Anni fa, poco tempo dopo l’insediamento del sanguinario regime teocratico di Khomeini, mi è capitato spesso di ascoltare luoghi comuni simili a questo. Certo, una rivoluzione non causata da motivi economici è difficile da comprendere; ma bastano già i crimini della Savak, la feroce, onnipresente e onnipotente polizia politica dei Pahlevi, a rendere l’idea di che cosa fosse, davvero, la vita ai tempi dello Shah. Fatemeh Amini era una donna, appartenente di Mojahedin. “La crocefissero nuda. Fu fatta passare supina sulla fiamma ardente, mentre subiva le frustate di quindici agenti accaniti. Di Fatemeh erano rimasti pelle e ossa, e il cattivo odore delle sue ferite infettate si sentiva in tutto il carcere di Evin. Praticamente paralizzata morì dopo cinque mesi di tortura.”
L’opera di Esmail Mohades narra la storia del popolo dell’Iran, che iniziò la lotta per il cambiamento del sistema feudale e la democrazia già alla fine del XIX secolo. Ci racconta gli uomini e le idee della rivoluzione costituzionale persiana, la nascita e la sconfitta del Fronte Nazionale di Mohammad Mossadeg, i principi politici e la sofferta ricerca ideologica dei Mojahedin, le radici di una rivoluzione tradita, il sacrificio di uomini e donne generosi, l’influsso nefasto del corpo dei Pasdaran. E poi l’influsso devastante delle potenze straniere, in particolare degli USA, la neonata superpotenza che dopo la seconda guerra mondiale aveva bisogno di un trasformare l’Iran nel “gendarme del Medio Oriente”.
“Due fattori negativi impedirono il realizzarsi del sogno iraniano: l’inadeguatezza di chi si trovava a capo del movimento e le interferenze straniere che si esercitavano proprio attraverso pedine interne.”

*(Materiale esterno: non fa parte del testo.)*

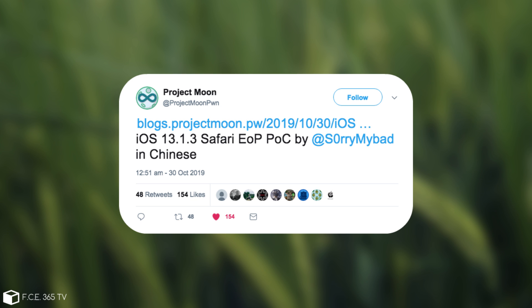and they labelled it as iOS 13.1.3 Safari EOP, which stands for Escalation of Privileges, POC, which stands for Proof of Concept, by SorryMyBad in Chinese.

Pagina dopo pagina, scopriamo che storia dell’Iran è segnata da scelte politiche all’apparenza “realistiche”, che si sono rivelate controproducenti per tutti, morti e sconfitti, burattini e burattinai. Anche dopo la caduta dello Shah, il “Grande Satana” non ha mai smesso di trattare sottobanco con i protagonisti del regime teocratico: con il carismatico Komehini e con i suoi sanguinari e ipocriti successori, fondamentalisti che hanno calpestato i principi della loro stessa fede per mantenere il potere, senza fare mai nessuno sforzo reale per affrontare i problemi del paese. Gli aguzzini degli ultimi regimi iraniani hanno usato le guerre, le condanne a morte, il fanatismo, le stragi, la produzione di armi nucleari per nascondere la loro inconsistenza morale, culturale, umana. Dopo i morti delle manifestazioni iraniane del 2009, la crisi profonda del settore mediorientale costituisce l’ultimo frutto di una catastrofica miopia politica.
L’autore ci porta fino all’Iran di oggi, ancora e sempre poco conosciuto dal mondo occidentale, che pure ne ha segnato la storia in modo indelebile. Le pagine di questo saggio, ben scritto nonostante qualche pagina un po’ farraginosa e uno stile non molto scorrevole, ci consentono di conoscere e comprendere il valore di un popolo che meriterebbe davvero un futuro migliore.